O economista Frederico Melo, formado pela Universidade Federal de Minas Gerais, conversa com o Brasil de Fato MG para explicar o que é e sobre quem está recaindo o ajuste fiscal implantado pelo governo federal, desde o início de 2015.
O entrevistado fala de alternativas que poderiam ter sido adotadas pelo governo, como o imposto sobre grandes fortunas e aplicação financeira. Uma proposta que dividiria a “conta da crise” entre ricos e pobres. Na sua avaliação, atualmente apenas a população pobre está pagando pelos problemas econômicos.
Frederico é também técnico do Departamento Intersindical de Estatística e Estudos Socioeconômicos (Dieese), na sessão da Central Única dos Trabalhadores MG.
Brasil de Fato - O que é um ajuste fiscal?
Frederico Melo - É quando o setor público, o Estado, resolve reequilibrar as suas contas. Então, ele pode mexer em dois lados: nas receitas e nas despesas. Normalmente o que se espera é que, quando se fala em ajuste fiscal, sejam reduzidos os gastos e se aumente a arrecadação.
No caso do Brasil, qual o é tipo de ajuste fiscal que está sendo levado a cabo?
É um ajuste de redução de gastos e de elevação de receitas. Mas o que caracteriza esse ajuste é a redução de custos com a população mais pobre. Por exemplo, o Estado brasileiro diminuiu o que ele gasta com seguro-desemprego, com abono do PIS, com pensões, gastos que normalmente vão para a população mais carente. Foi um ajuste fiscal em que boa parte da mudança recaiu sobre a população brasileira. Além dessas mudanças, o governo fez também uma coisa chamada ‘contingenciamento do orçamento’. Como se ele congelasse o que estava previsto para gastar, para fazer uma reserva. Ele fez isso com as verbas da educação. Então boa parte do que estava previsto para ser aplicado no FIES, no Pronatec, nas universidades, simplesmente não foi.

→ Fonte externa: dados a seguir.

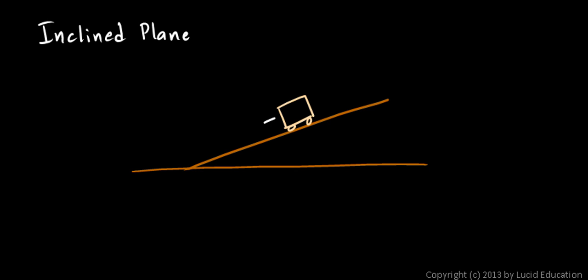So here you are pushing. And you exert a force up the incline. And it moves up the incline.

Você diz que os mais pobres estão sendo atingidos. Então, quem não está sendo atingido?
Esse é um problema sério do ajuste promovido pelo governo. Porque, eventualmente, uma ou outra mudança poderia também recair sobre a população, mas o governo não fez qualquer proposta de alterar a tributação, ou seja, a receita, aquilo os ricos pagam para o Estado brasileiro. Não alterou, por exemplo, o imposto sobre aplicação financeira – e quem tem aplicação financeira normalmente é gente rica-, não mexeu no tributo sobre herança – e quem tem herança grande são ricos-, não criou o imposto que está na Constituição desde 1988, que é o imposto sobre grandes fortunas, não mudou a forma de renda dos ricos, que é a distribuição de lucros das empresas para seus acionistas. Então, na verdade, o governo diminuiu o gasto com política pública e não tomou nenhuma medida que alterasse a contribuição dos mais ricos com o ajuste fiscal.
Se o governo fizesse esse outro tipo de ajuste seria possível economizar a mesma quantia que está sendo economizada hoje?

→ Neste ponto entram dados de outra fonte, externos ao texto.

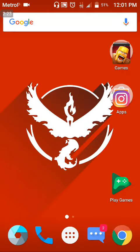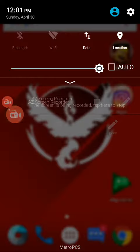I cannot open AZ Screen Recorder right now because if I do it will stop my recording and I don't want that to happen. I hope this video was very helpful — peace.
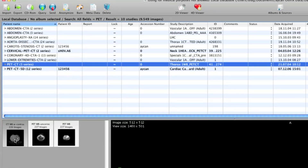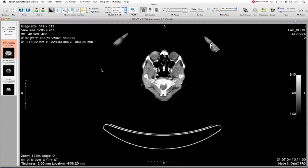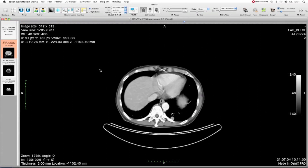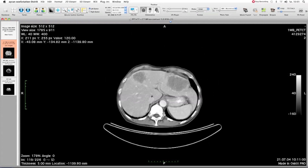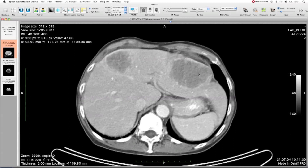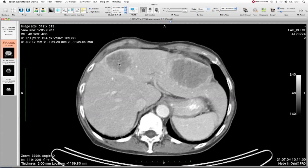There are 3 series: 1 CT and 2 PET. We need the CT series. Please open the CT series with 226 images and go down to the liver. In the liver you can see two big lesions. We want to measure the volume of these lesions. We cannot use the automatic segmentation algorithm because the contrast is too low — it would run out of the lesion and capture all of the liver.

Provavelmente sim. Teria que ver os dados mais a fundo, qual a possibilidade de fixar a taxação, a tributação. Mas no mínimo ele reduziria bastante o impacto sobre as políticas públicas.
Quais são as expectativas da economia desse cenário?

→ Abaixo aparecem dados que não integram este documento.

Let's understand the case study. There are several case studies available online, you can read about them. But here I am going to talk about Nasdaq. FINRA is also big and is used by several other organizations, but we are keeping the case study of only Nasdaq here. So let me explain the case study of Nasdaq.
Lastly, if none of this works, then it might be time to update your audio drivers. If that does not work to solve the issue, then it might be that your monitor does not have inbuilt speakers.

A aposta que o governo está fazendo é de fazer um ajuste duro e curto. Ou seja, combinar ajuste fiscal e elevação da taxa de juros, na esperança de que a economia se contraia agora e no ano que vem volte crescer. Mas essa aposta é arriscada. Do ponto de vista econômico, o ajuste causou uma recessão, reduziu as receitas do Estado. O governo fez um ajuste para melhorar a sua situação, mas na verdade está reduzindo a receita porque a economia desacelerou, algumas empresas começaram a demitir, estão vendendo menos, etc. Ele não teve sucesso pleno.
E qual a situação da política nessa situação?
Esse ajuste tem uma inconsistência, uma fragilidade política. Boa parte do ajuste recai sobre a população, principalmente a parcela que elegeu este governo. Isso faz com que o atual governo eventualmente perca a base de apoio social e possa inviabilizar sua continuidade.